* _Exercise objective_
Your copy should hold only the lines from the one holding "供应ElectrolM-V0" through the last line of the records below, both included, each exact and with no pictures.

——

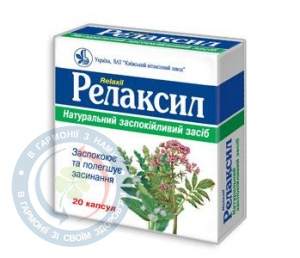 Ренейро Плюс спрей ор. 100мг/дозу фл. 84 дози №1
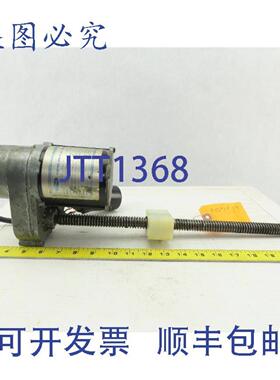 供应ElectrolM-V03882AA76齿轮电机执行器螺杆191比率115V1Ph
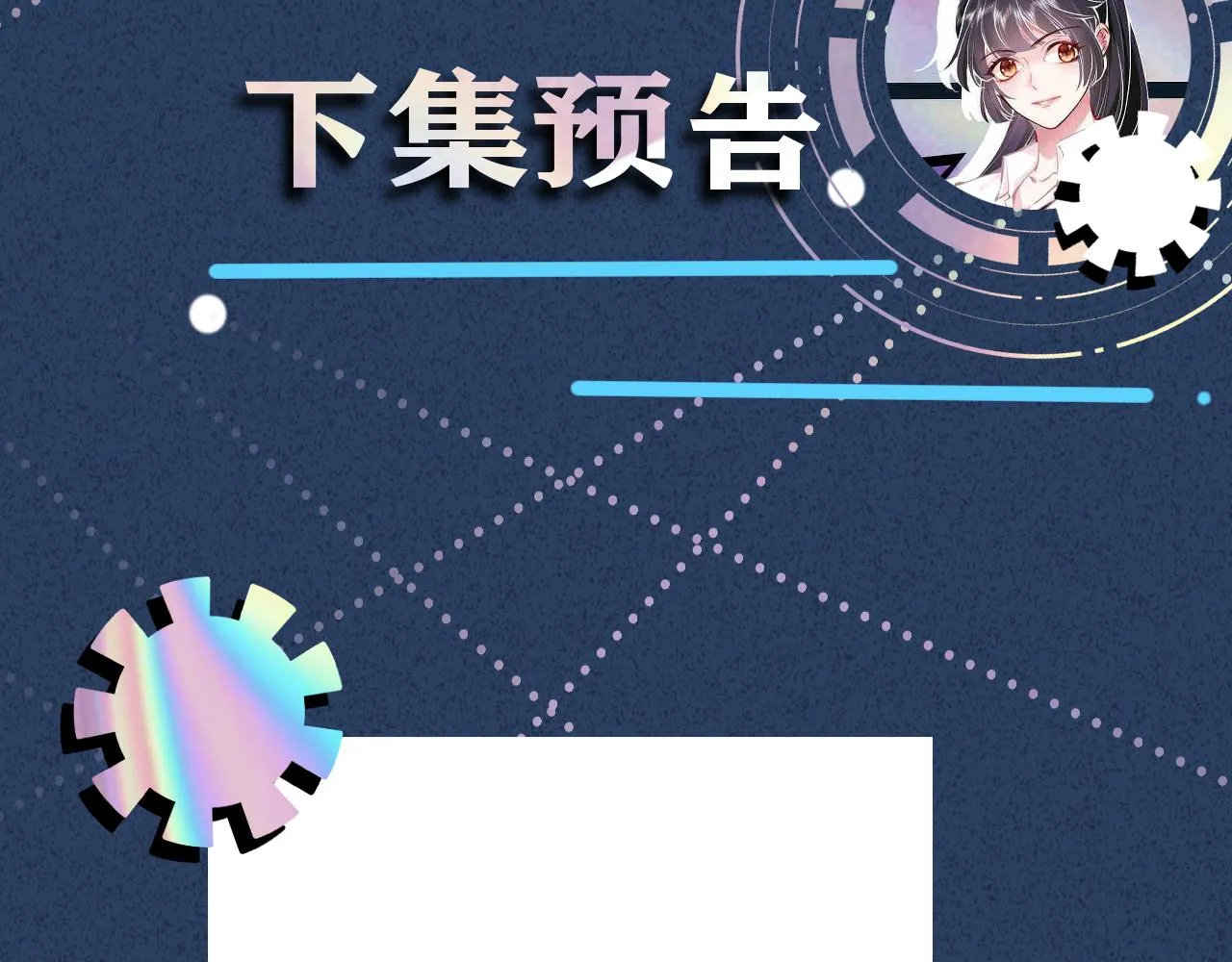 第123 你就宠她吧 第109页
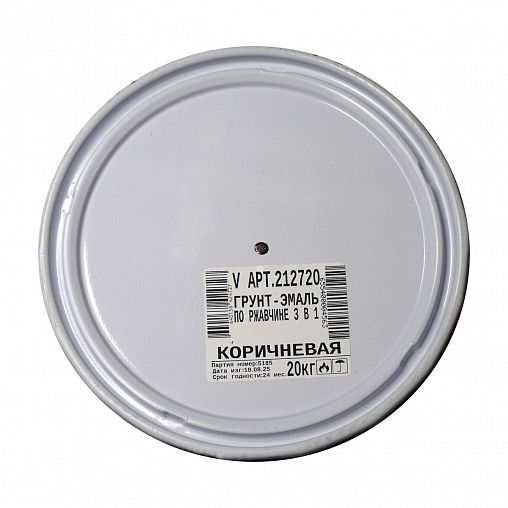 Грунт-эмаль по ржавчине 3 в 1 V, матовая, 20 кг, коричневая фото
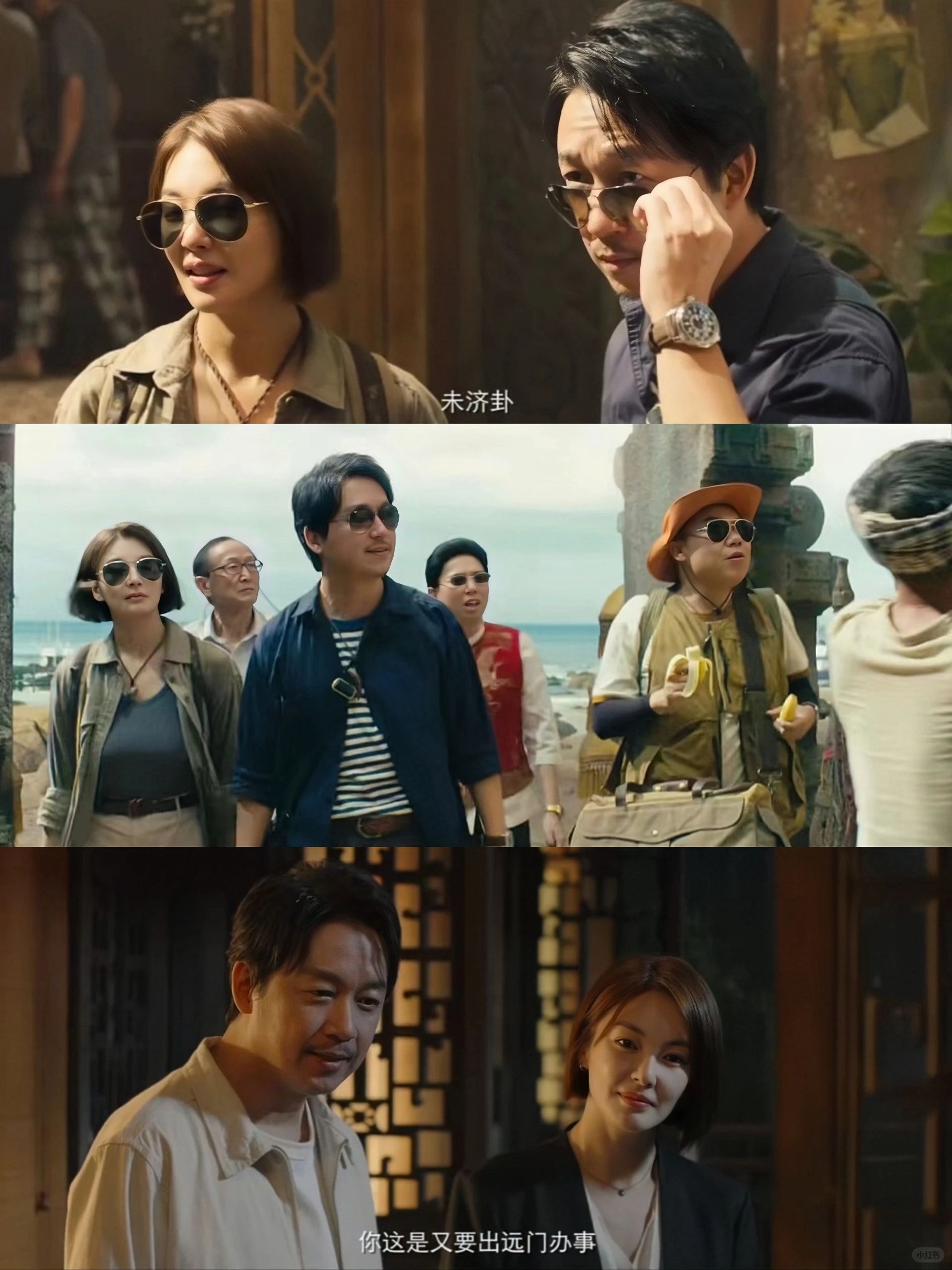 连炫3集❗铁三角回归❗潘粤明领队悬疑探险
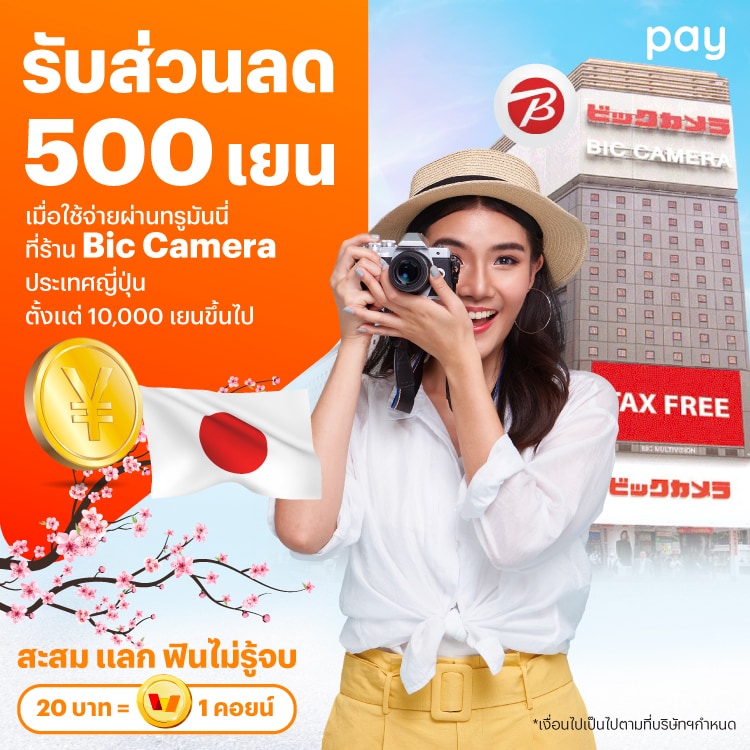 จ่ายที่ประเทศญี่ปุ่นรับส่วนลด 500 เยน เมื่อใช้จ่ายที่ร้าน Bic Camera ตั้งแต่ 10,000 เยนขึ้นไป1 ส.ค. 67 - 31 ธ.ค. 67 โปรโมชันทรูมันนี่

——

* _Solution to this task_
 供应ElectrolM-V03882AA76齿轮电机执行器螺杆191比率115V1Ph
 第123 你就宠她吧 第109页
 Грунт-эмаль по ржавчине 3 в 1 V, матовая, 20 кг, коричневая фото
 连炫3集❗铁三角回归❗潘粤明领队悬疑探险
 จ่ายที่ประเทศญี่ปุ่นรับส่วนลด 500 เยน เมื่อใช้จ่ายที่ร้าน Bic Camera ตั้งแต่ 10,000 เยนขึ้นไป1 ส.ค. 67 - 31 ธ.ค. 67 โปรโมชันทรูมันนี่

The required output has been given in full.